3. That was a decision of the Industrial Tribunal which could give rise to an estoppel for the purposes of the doctrine of res judicata . The Industrial Tribunal was competent to determine all the matters before it, including the disputes for unpaid wages under the Wages Act l986.
4. The Industrial Tribunal had made a decision with the consent of the parties just as if it had itself completed the investigation and decided the matter by judgment.
5. The formality of the judgment meant that it was not necessary to rely upon the underlying agreement. "It is the judgment itself that raises the estoppel."
6. Although the subject matter of the action, i.e. non-payment of wages, was not essentially the subject matter brought before the Industrial Tribunal, i.e. compensation for unfair dismissal, the doctrine of res judicata extended "beyond the subject matter of the litigation itself". He cited Henderson v Henderson (l843) 3 Hare l00 at ll5 and added:
"But the doctrine of res judicata extends, as is well-known, beyond the subject matter of the litigation itself. It was expressed by the Vice-Chancellor in Henderson v Henderson .... that the plea of res judicata applies, except in special cases, not only to points upon which the court was actually required by the parties to form an opinion and pronounce a judgment, but to every point which properly belonged to the subject of litigation which the parties, exercising reasonable diligence, might have brought forward at the time.

This no issue between the parties that it was within the jurisdiction of the Tribunal to award the sums now claimed for non-payment of wages had that matter been brought before the Tribunal. The grounds of the application for compensation for unfair dismissal depended precisely upon the allegation of fact that the plaintiff had been consistently underpaid during the course of his employment and had been refused the payments due to him when he asked for them and when he persisted in his request for payment was then summarily dismissed. That is to say, the claim for unfair dismissal was factually based upon the allegations as to non-payment of due wages which founds the cause of action before me.

In my judgment that is without doubt a point which properly belonged to the subject of the litigation before the Tribunal, it being accepted that it was a matter which could properly be determined by the Tribunal."
For those reasons the judge held there was an estoppel and dismissed the action.

The Law - res judicata
The relevant legal principles fall under two headings. First, the law relating to res judicata . There is no dispute between the parties about the essential elements of a plea of res judicata . The law on this topic in the context of decisions of Industrial Tribunals in unfair dismissal cases was recently reviewed by the Court of Appeal in Staffordshire County Council v Barber [l996] I.C.R. 379. Neill LJ at 396G said:
"A cause of action estoppel was defined by Diplock L.J. in Thoday v. Thoday [l964] P.l8l, l97, as follows:

'"a cause of action estoppel" is that which prevents a party to an action from asserting or denying, as against the other party, the existence of a particular cause of action, a non-existence or existence of which has been determined by a court of competent jurisdiction in previous litigation between the same parties. If the cause of action was determined to exist, i.e. judgment was given upon it, it is said to be merged in the judgment... If it was determined not to exist, the unsuccessful plaintiff can no longer assert that it does; he is estopped per rem judicatam .'"
Neill LJ held that the order of the Industrial Tribunal in that case was a judicial decision or judgment to which the doctrine applied. The decision of the Industrial Tribunal in that case was in the form set out on page 392E of Neill LJ's judgment. The decision of the Industrial Tribunal as recorded was in these terms:
"The unanimous decision of the tribunal is that this application is dismissed on withdrawal by the applicant."
Neill LJ held that the doctrine of res judicata applied even when no evidence and no argument had been heard by an Industrial Tribunal, and where the Industrial Tribunal had by consent dismissed a claim upon one of the parties deciding to withdraw.

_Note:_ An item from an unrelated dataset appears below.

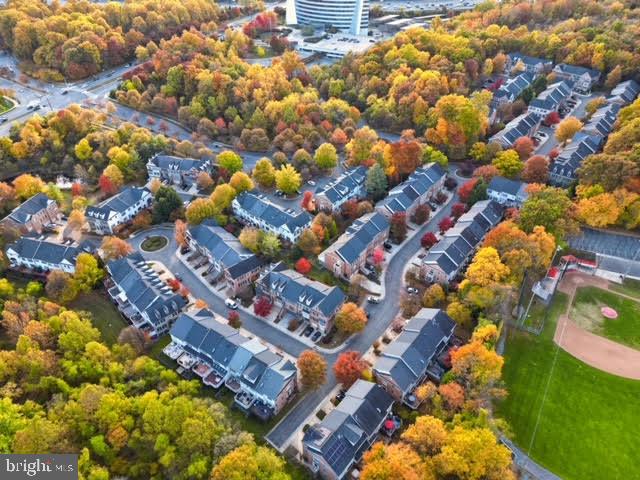TOWER OAKS - Residential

Neil LJ considered the species of estoppel, which was the subject of the Vice-Chancellor's judgment in Henderson v Henderson . He quoted the famous passage:
"...I believe I state the rule of the court correctly, when I say, that where a given matter becomes the subject of litigation in, and of adjudication by, a court of competent jurisdiction, the court requires the parties to that litigation to bring forward the whole case, and will not (except under special circumstances) permit the same parties to open the same subject of litigation in respect of matter which might have been brought forward as part of the subject in contest, but which was not brought forward, only because they have, from negligence, inadvertence, or even accident, omitted part of their case. The plea of res judicata applies, except in special cases, not only to points upon which the court was actually required by the parties to form an opinion and pronounce a judgment, but to every point which properly belonged to the subject of litigation, in which the parties, exercising reasonable diligence, might have brought forward at the time."

Neill LJ said:

"This statement of principle has been applied in a number of more recent cases. As Stuart-Smith L.J. explained in Talbot v. Berkshire County Council [l994] Q.B. 290, 296, the rule as stated in Henderson's case is in two parts:

'The first relates to those points which were actually decided by the court; this is res judicata in the strict sense. Secondly, those which might have been brought forward at the time, but were not. The second is not a true case of res judicata but rather is founded on the principle of public policy in preventing multiplicity of actions, it being in the public interest that there should be an end to litigation;...'

In Arnold v. National Westminster Bank Plc [l99l] 2 A.C. 93 the House of Lords considered what 'special circumstances' would allow the reopening of an issue which had already been decided inter partes . It was held that the doctrine of issue estoppel was not inflexible and a disputed issue can be reopened where it would in effect be an abuse of process if permission were refused."
Mr Stallebrass in his submissions on behalf of the company, cited the Privy Council in Yat Tung Investment Co Ltd v. Dao Heng Bank [l975] A.C. 58l, 590 where, prefacing the quotation from the Vice-Chancellor's judgment in Henderson v Henderson , Lord Kilbrandon said:
"...there is a wider sense in which the doctrine may be appealed to so that it becomes an abuse of process to raise in subsequent proceedings matters which could and therefore should have been litigated in earlier proceedings.
...
The shutting out of a 'subject of litigation' - a power which no court should exercise but after a scrupulous examination of all the circumstances - is limited to cases where reasonable diligence would have caused a matter to be earlier raised. Moreover, although negligence, inadvertence or even accident will not suffice to excuse, nevertheless 'special circumstances' are reserved in case justice should be found to require the non-application of the rule."

Compromise
Secondly, the law relating to compromise has figured prominently in the arguments in this case. The relevant legal principles can be conveniently taken from Mr Foskett's book on The Law and Practice of Compromise (4th edition). I cannot improve on the relevant passages in that book.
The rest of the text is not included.